[Required action] Repeat every entry exactly. Pictures stay out.

Pictures with short captions
§

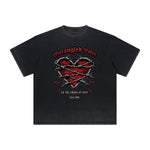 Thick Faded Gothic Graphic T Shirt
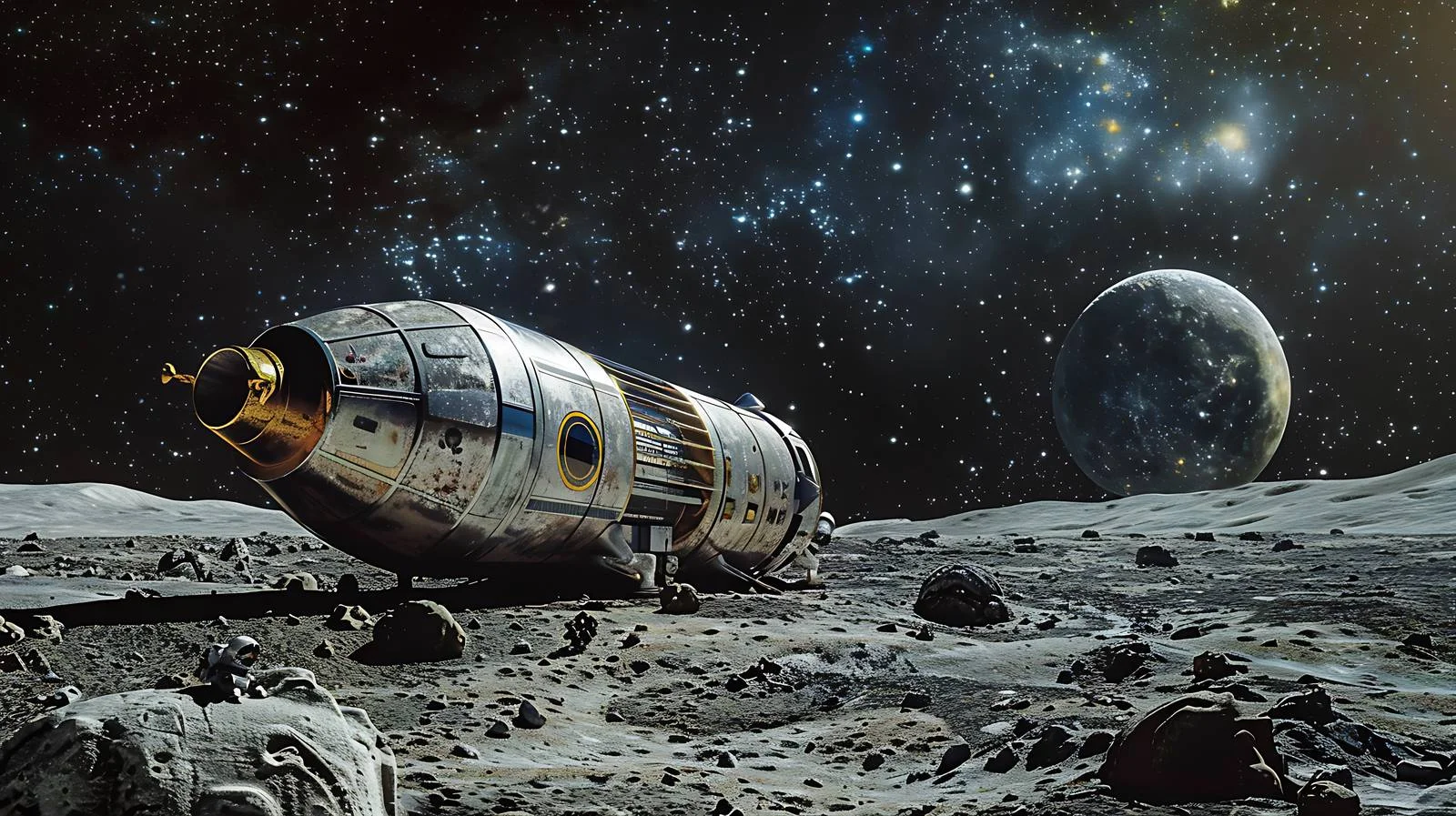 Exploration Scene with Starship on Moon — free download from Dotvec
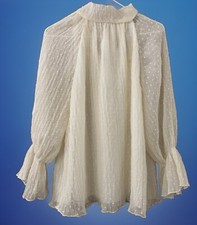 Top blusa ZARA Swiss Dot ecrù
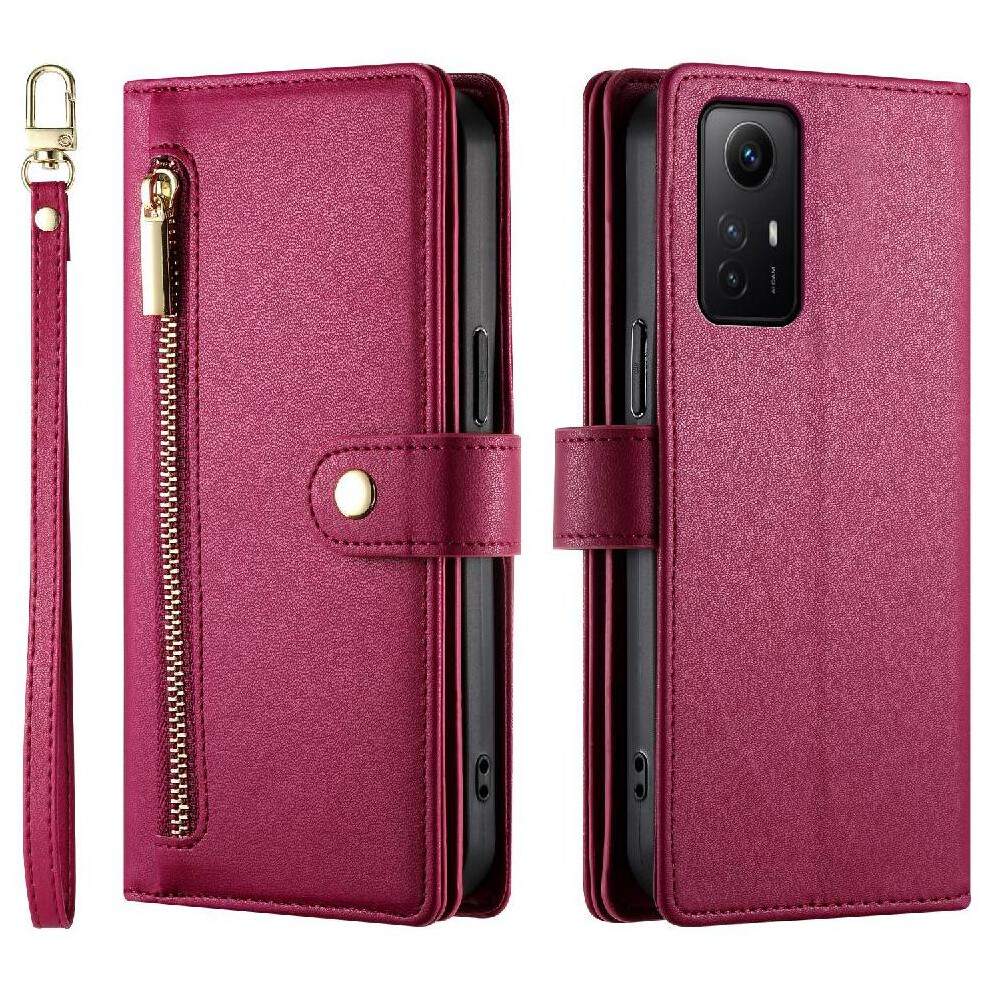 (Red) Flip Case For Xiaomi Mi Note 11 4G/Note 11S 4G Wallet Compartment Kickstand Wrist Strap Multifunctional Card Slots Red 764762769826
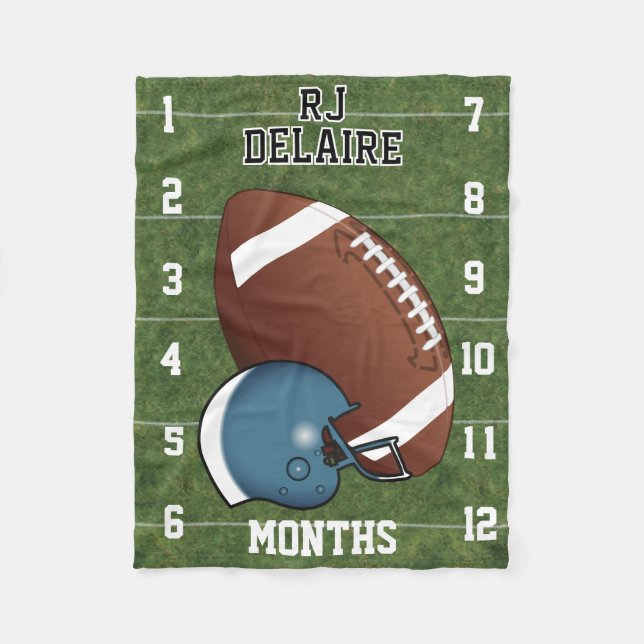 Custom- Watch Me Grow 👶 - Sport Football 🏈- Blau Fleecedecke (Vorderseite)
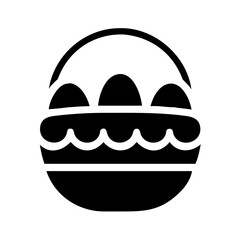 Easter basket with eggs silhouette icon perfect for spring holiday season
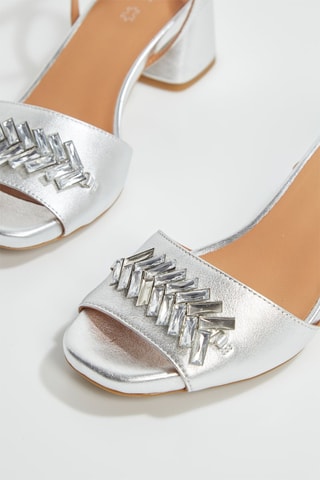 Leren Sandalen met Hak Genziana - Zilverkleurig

§

[Answer space]
 Thick Faded Gothic Graphic T Shirt
 Exploration Scene with Starship on Moon — free download from Dotvec
 Top blusa ZARA Swiss Dot ecrù
 (Red) Flip Case For Xiaomi Mi Note 11 4G/Note 11S 4G Wallet Compartment Kickstand Wrist Strap Multifunctional Card Slots Red 764762769826
 Custom- Watch Me Grow 👶 - Sport Football 🏈- Blau Fleecedecke (Vorderseite)
 Easter basket with eggs silhouette icon perfect for spring holiday season
 Leren Sandalen met Hak Genziana - Zilverkleurig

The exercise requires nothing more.